O filósofo Plotino concluiu, por exemplo, que “a beleza e o bem devem ser buscados no mesmo caminho.” Beleza, bondade, justiça, tudo isso converge na escalada para a elevação espiritual. Se, ao contrário, a arte que valorizamos nos desperta meras sensações, ela faz o caminho reverso; se nos ligamos a essas emanações, não nos surpreendamos da pouca qualidade de nossa vibração espiritual. O tipo de música que repetidamente ouvimos, por exemplo, e que nos satisfaz o gosto, revela bastante bem o padrão da nossa vibração interna. É bom recordar que, na escala evolutiva, as sensações estão ainda muito próximas do instinto. Com a maturidade espiritual, o homem naturalmente vai se distanciando do meramente sensual e vai purificando as emoções e os sentimentos. A arte terrena estaria, assim, nos primeiros degraus, enquanto a arte pura já é saída dos sentimentos depurados, mais acima. 

Não por acaso, Emmanuel organizou as suas respostas sobre a arte justamente numa seção intitulada “Sentimento”. A grande diferença entre as manifestações artísticas que conhecemos está exatamente no ponto em que elas nascem, porque dali já correm por caminhos que sobem ou por caminhos que nada querem com a elevação: as puras nascem dos sentimentos do verdadeiro artista; as terrenas são criações do sensorial ou das emoções não disciplinadas.

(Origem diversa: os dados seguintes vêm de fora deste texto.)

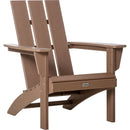 Patio Adirondack Chair, Outdoor HDPE Fire Pit Chair, Weather Resistant Outdoor Chair with High-back, Patio Chair for Deck, Garden, Backyard, Brown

Cada uma dessas versões produz em nós um tipo de influência: umas nos acalmam, nos convidam para formas mais sublimes de sensibilidade, outras nos mantêm agitados, ou nos prendem nos planos dos desejos, das fantasias, atando-nos na horizontalidade. As primeiras são notadas e muitas vezes inspiradas pela Espiritualidade benfeitora; as segundas secundadas, muitas vezes, pelos Espíritos que se afinizam com o mesmo padrão vibracional. Que tipo de arte temos consumido? Temos aberto as portas do nosso campo mental e do nosso coração para que tipo de criação? Não duvidemos: a arte nos afeta muito mais do que imaginamos. Na antiguidade, Platão já dizia: para o corpo, a ginástica; e para a alma, a música. Léon Denis, por sua vez, nos diz sobre a música: “Nossos pais viam na música o ensino estético por excelência, o mais seguro meio de elevar o pensamento até às sublimes alturas onde reside o gênio inspirador”4.

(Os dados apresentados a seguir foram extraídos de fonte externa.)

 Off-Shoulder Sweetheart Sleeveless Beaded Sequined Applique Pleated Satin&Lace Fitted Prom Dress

A Arte, “em qualquer de suas formas puras”, recebe a atenção carinhosa dos invisíveis. Em contato com ela, nos dispomos a aprender a mirar belezas superiores. A arte não pura, eivada do “convencionalismo terrestre”, a que se busca para a glória terrena, é criação destituída dos ideais divinos e caminha na contramão da beleza que enobrece, alivia, ensina. Se nosso desejo é uma vida mais calma e cada vez mais aproximada das esferas elevadas, cuidemos de aprimorar a nossa percepção sobre a arte que nos circunda, nos embala, nos visita rotineiramente. Se refletirmos hoje, com atenção, sobre o que lemos, vemos, ouvimos, selecionando a vibração, amanhã seremos possíveis candidatos a trazer ao mundo, como o fazem os inspirados e os gênios, as belezas celestes que nunca nos arrependeremos de espelhar.

  1. XAVIER, Francisco Cândido. Pelo Espírito Emmanuel. O Consolador. 26a ed., Rio de Janeiro: FEB, 2006.
  2. SOARES, Sylvio Brito. Grandes vultos da Humanidade e do Espiritismo. 3a ed., Rio de Janeiro: FEB, s/d.
  3.  XAVIER, Francisco Cândido. Pelo Espírito Emmanuel. O Consolador. 26a ed., Rio de Janeiro: FEB, 2006, q. 168.
  4. DENIS, Léon. O Espiritismo na arte. 2a ed., Rio de Janeiro: CELD, 2014.